(Short web captions)
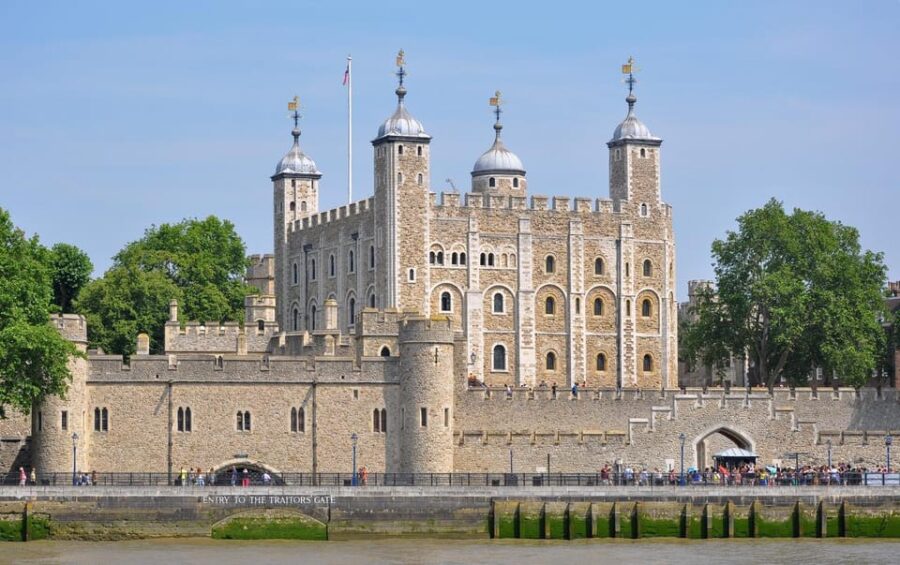 London: Private Taxi 50+ Sights Tour & Tower of London - Starting Point and Group Size for a Personalized Experience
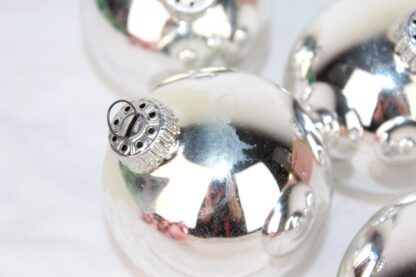 4 antike Weihnachtsbaumkugeln | 8 cm Silber mit Metallverschluss – Bild 4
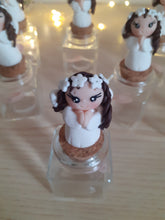 Load image into Gallery viewer, Bomboniera angelo con vasetto, bomboniere comunione, battesimo bimba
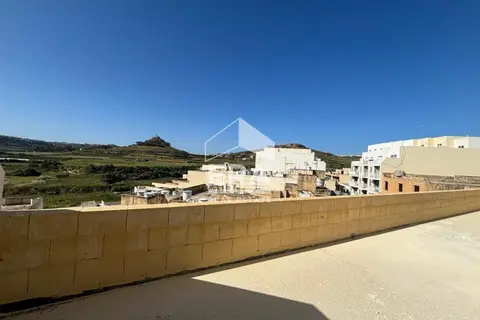 2 Bedroom Apartment For Sale in Gozo - Marsalforn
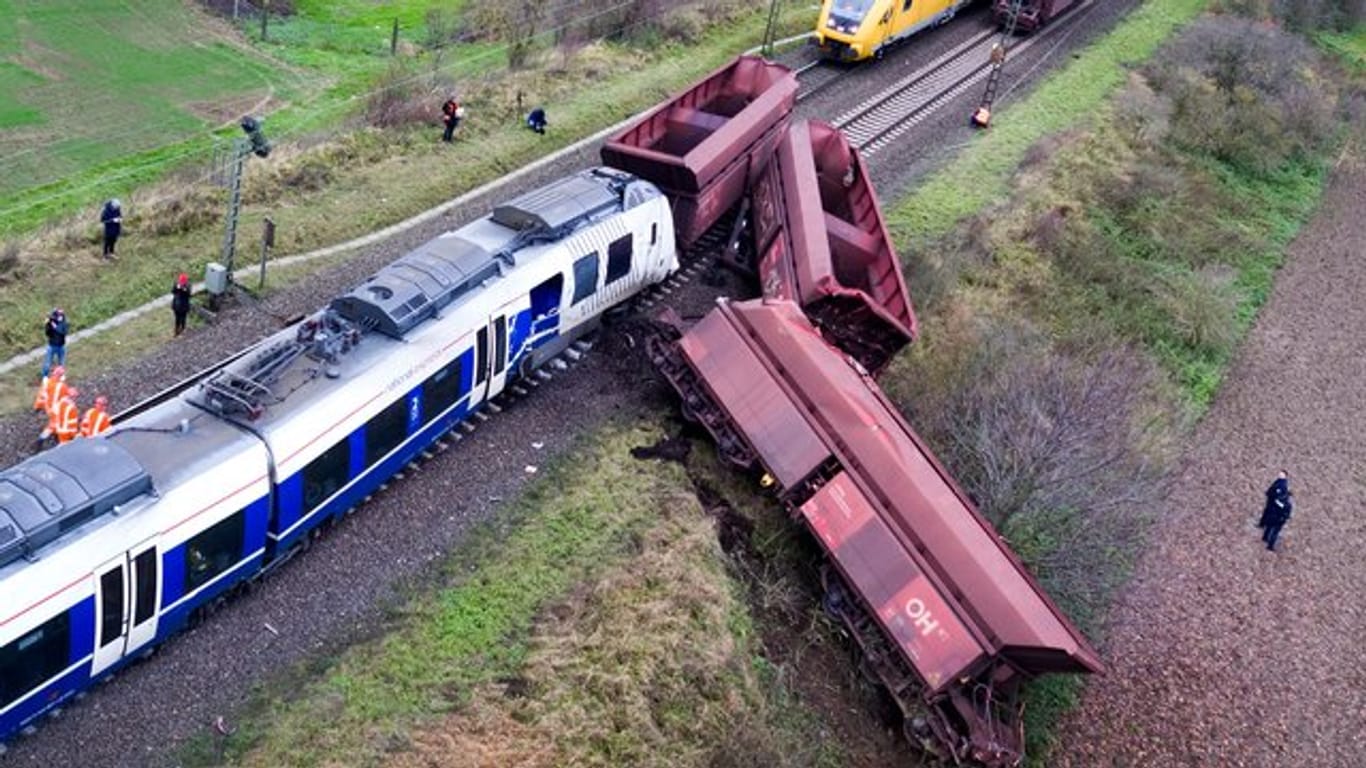 Die Unfallstelle nach dem Zugunglück bei Meerbusch: Rechts ein teilweise entgleister Güterzug, links ein Personenzug.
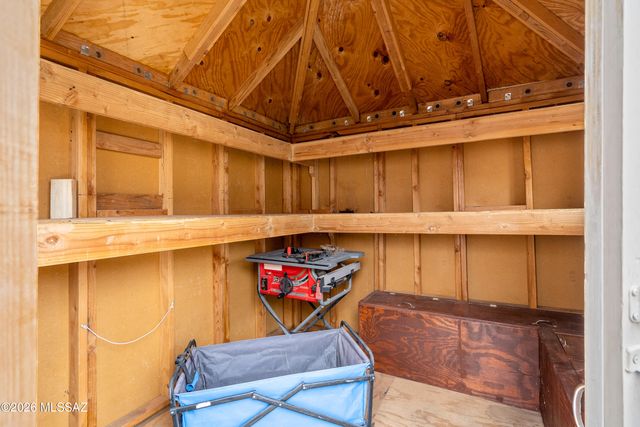 3782 W Meadow Briar Drive, Tucson, AZ 85741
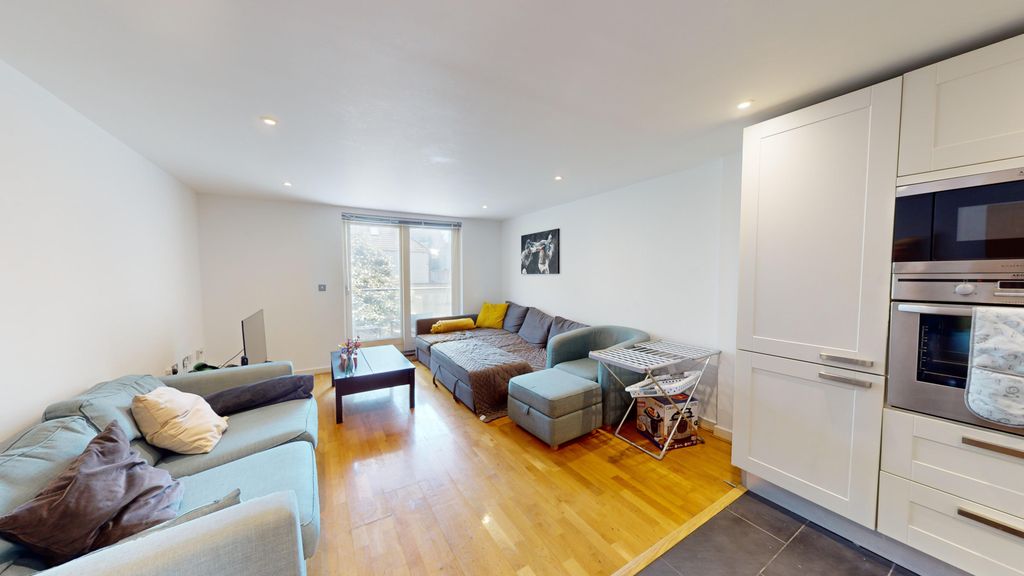 Property photo 2 of 10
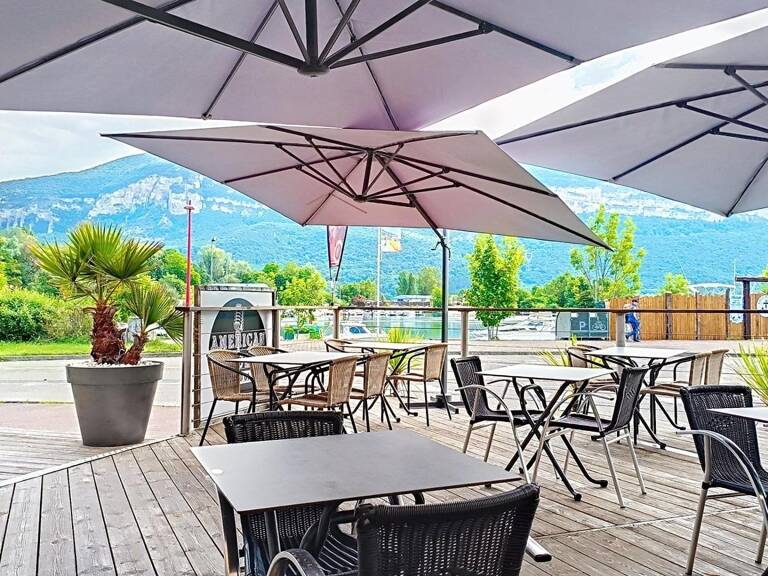 URGENT  VENTE FONDS DE COMMERCE BAR  RESTAURANT  GLACIER  SNACKING Vente pour raison de santé — photo 1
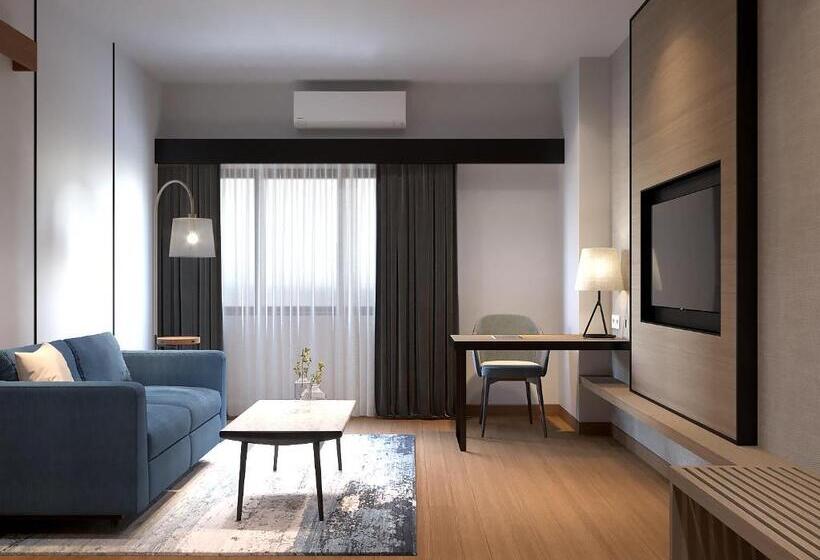 小型套房, Aston Palu Hotel & Conference Center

> _Task brief_
Repeat, without pictures, exactly the lines of the data above from the one containing "2 Bedroom Apartment" through the one containing "Property photo 2 of 10", including both and adding nothing.

> _Result_
 2 Bedroom Apartment For Sale in Gozo - Marsalforn
 Die Unfallstelle nach dem Zugunglück bei Meerbusch: Rechts ein teilweise entgleister Güterzug, links ein Personenzug.
 3782 W Meadow Briar Drive, Tucson, AZ 85741
 Property photo 2 of 10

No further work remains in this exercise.